TodaysVerse.net
Withhold not good from them to whom it is due, when it is in the power of thine hand to do it.
King James Version

Meaning

The book of Proverbs is a collection of wisdom sayings, many written by or attributed to Solomon, a king of ancient Israel renowned for his wisdom. Unlike the dramatic stories or laws found elsewhere in the Bible, Proverbs was written to help ordinary people navigate everyday life — ethics, relationships, money, and how to treat others. This particular verse is bracingly simple: if you can do good for someone and you don't, that is a moral failure. The phrase translated "those who deserve it" can also carry the sense of "its rightful recipient" — the person who genuinely has a claim on your help or kindness. The verse doesn't let you off the hook with good intentions; it asks about your power and your choices.

Prayer

God, forgive me for the good I've left undone — the moments I had the chance and let them quietly pass. Open my eyes to the people right in front of me, and give me the simple courage to act when I can. Help me close the gap between good intentions and good deeds. Amen.

Reflection

The gap between meaning to help and actually helping is where a lot of life quietly leaks away. You thought about sending the message. You planned to drop off the meal. You intended to speak up for the person who needed an advocate in the room. And then Tuesday turned into Wednesday, and the moment passed, and the thought that once felt urgent dissolved into the background noise of a busy week.

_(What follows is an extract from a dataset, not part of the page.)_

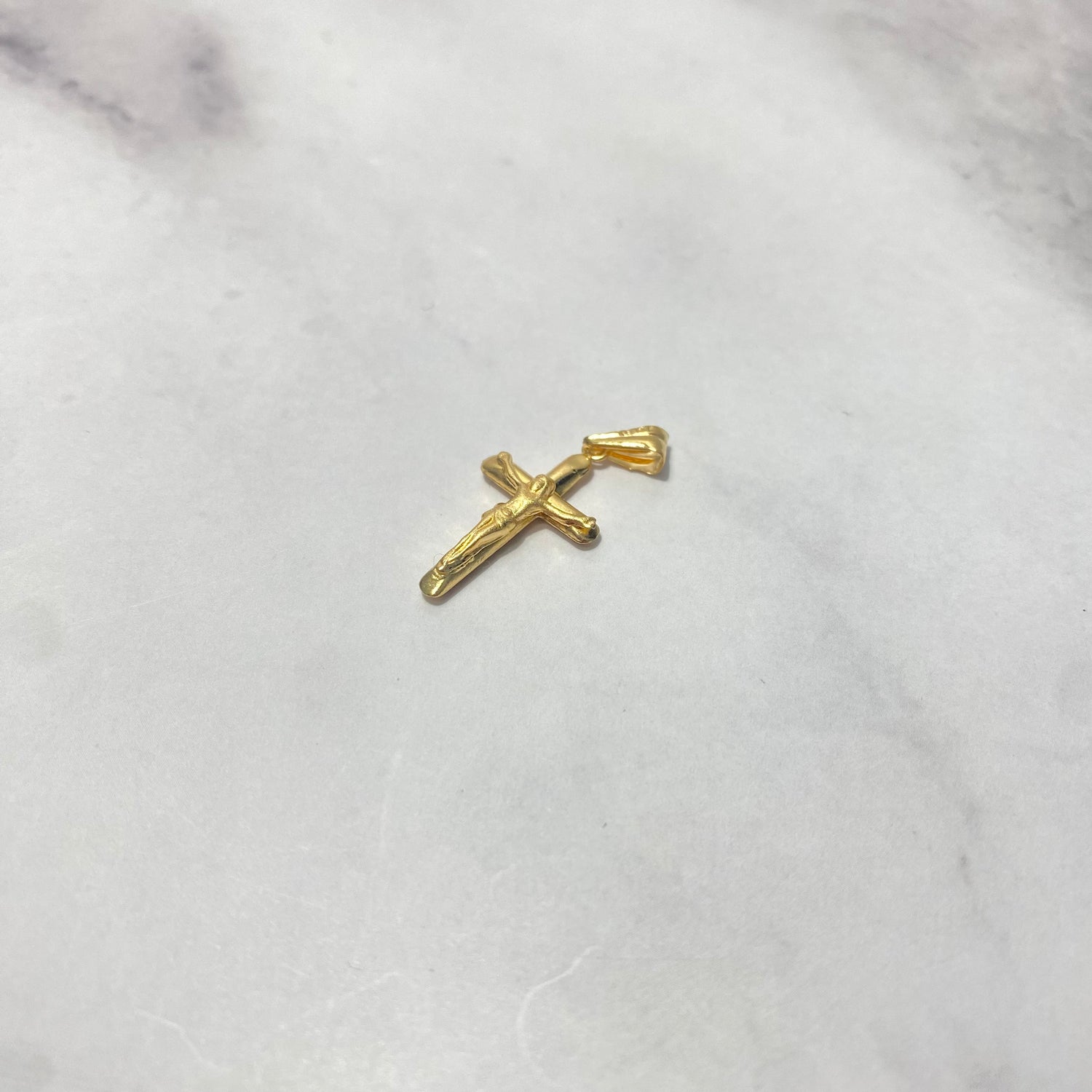 18K Yellow Gold Crucifix Pendant / 0.84gr / 1.2in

Proverbs has no patience for this kind of drift. The verse doesn't ask whether you're required to help — it asks a sharper question: when the ability to act and the opportunity to act arrive in the same moment, what do you do with that? This verse has a way of surfacing a face. There's almost always someone specific who comes to mind when you sit with it quietly — a friend who's gone unusually silent, a neighbor whose situation you've noticed and noted and not acted on, a colleague who needed one word of encouragement you kept meaning to give. Proverbs doesn't ask if you're in the mood, or if the timing is perfect, or if they'll appreciate it properly. It asks one question: is it in your power to act? If the answer is yes, then the only thing standing between you and doing good is the decision to do it. That's a short sentence with a long reach.

Discussion Questions

1

The verse specifically says "when it is in your power to act" — how does that phrase define and limit the scope of your responsibility toward others?

2

Think of a specific time you had the ability to do good for someone but didn't follow through. What got in the way — and how do you feel about it now?

3

This verse comes from wisdom literature, not a direct divine command. Does that make it feel more or less binding to you as a guide for how to live — and why?

4

How does the habit of consistently doing good for others — in small, unremarkable, unwitnessed ways — shape the kind of person you become over time?

5

Who is one specific person in your life right now who you could do something good for this week? What would that actually look like, concretely?